**GOAL OF THE EXERCISE:** Please write out exactly, without any picture, each line from the first in the listing through the line that includes "Cherrys Bebek GOFRELİ KIZ ÇOCUK ELBİSE".

**PROVIDED MATERIAL:**
::::::::::
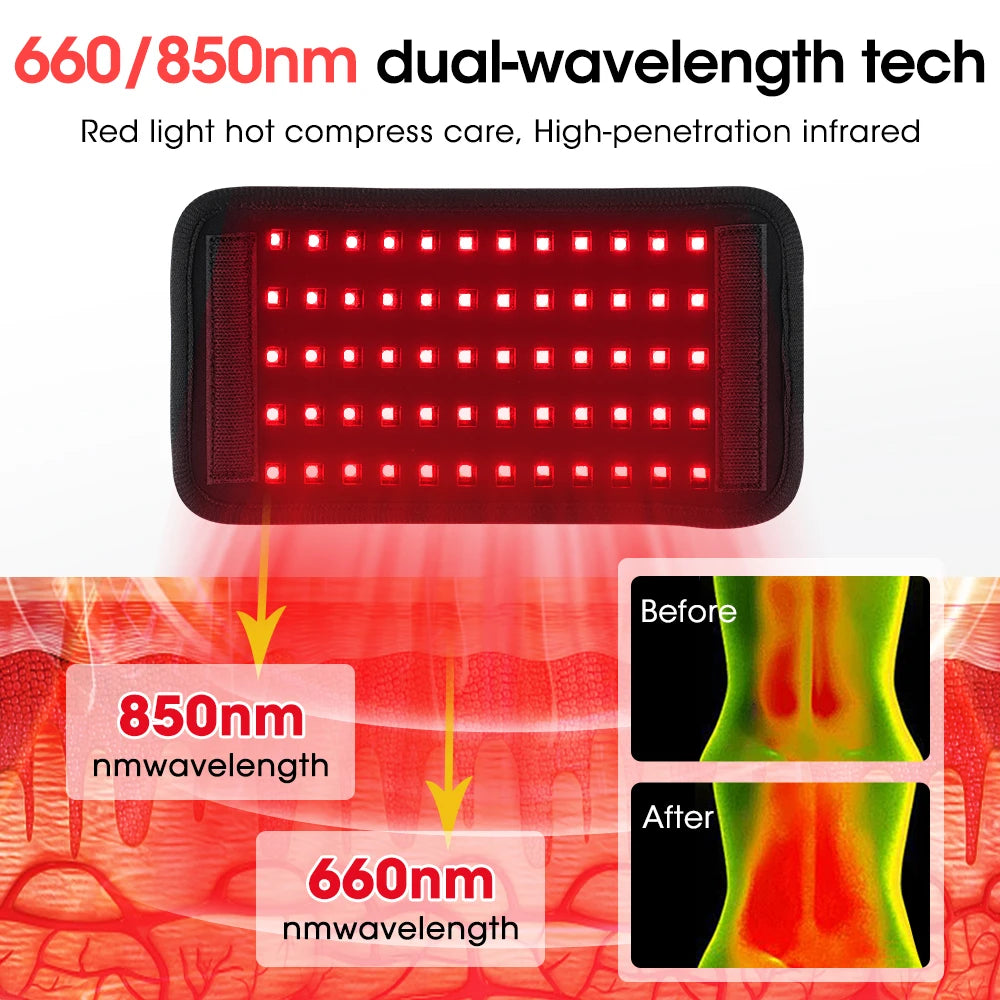 25x13.5cm 60 LEDs 660nm Red Light Infrared Belt 850nm Back Burn Fat Wrap Slimming Machine Waist Timing Pad For Muscle Skin Care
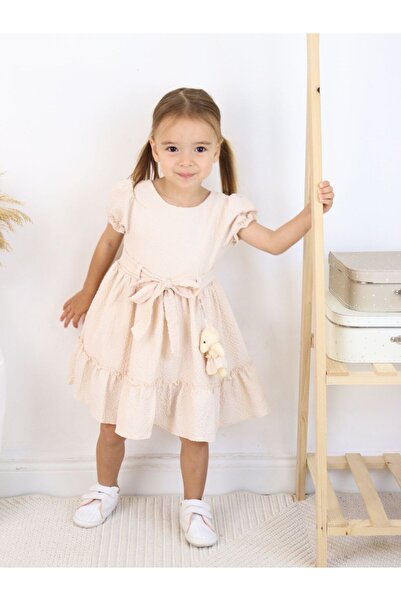 Cherrys Bebek GOFRELİ KIZ ÇOCUK ELBİSE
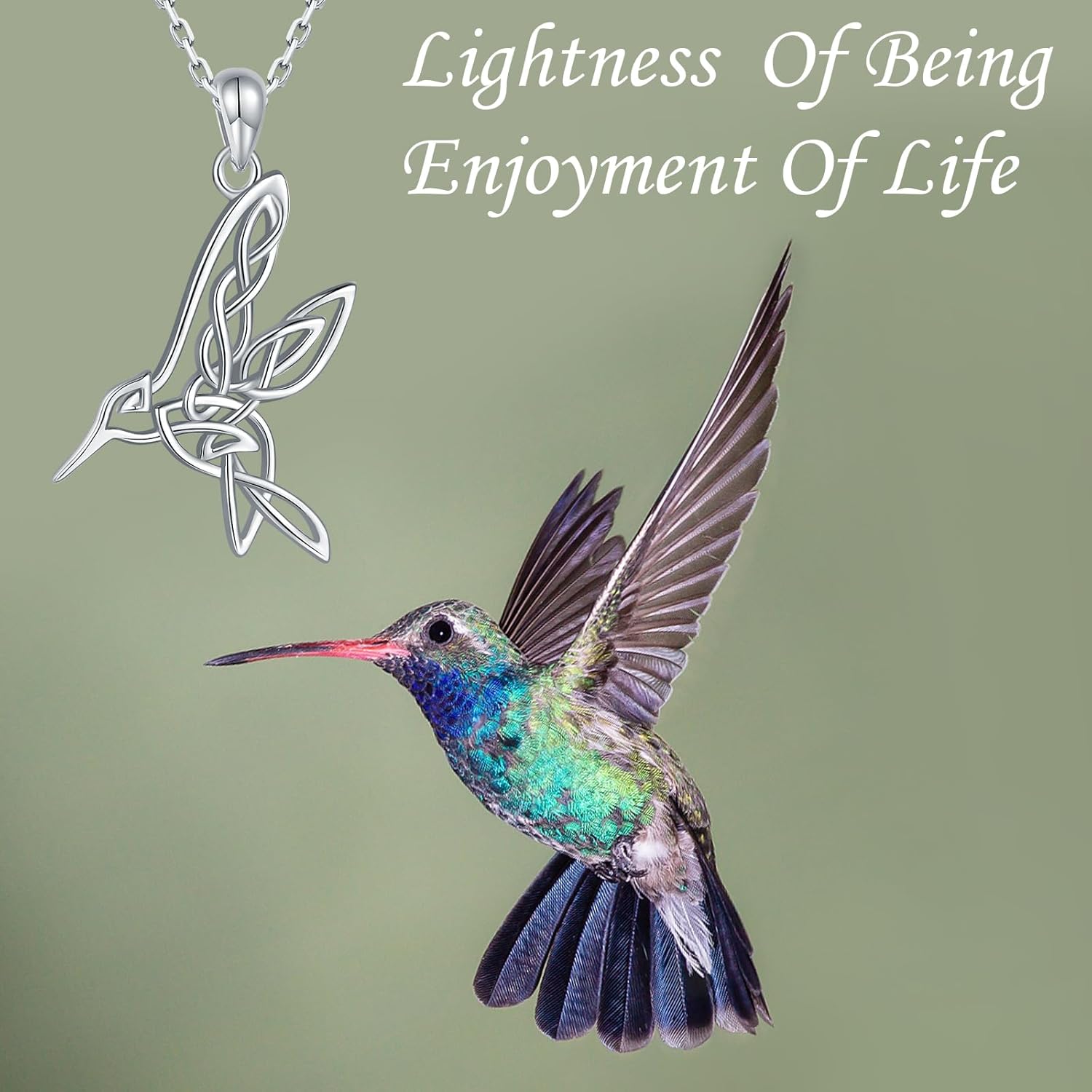 HUAIYU Hummingbird Celtic Pendant Necklace for Women- 925 Sterling Silver Lucky Celtic Knot Humming Bird Necklaces Mother's Day Birthday Christmas Jewelry Gifts for Mom - Image 2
::::::::::
**SOLVED EXERCISE:**
 25x13.5cm 60 LEDs 660nm Red Light Infrared Belt 850nm Back Burn Fat Wrap Slimming Machine Waist Timing Pad For Muscle Skin Care
 Cherrys Bebek GOFRELİ KIZ ÇOCUK ELBİSE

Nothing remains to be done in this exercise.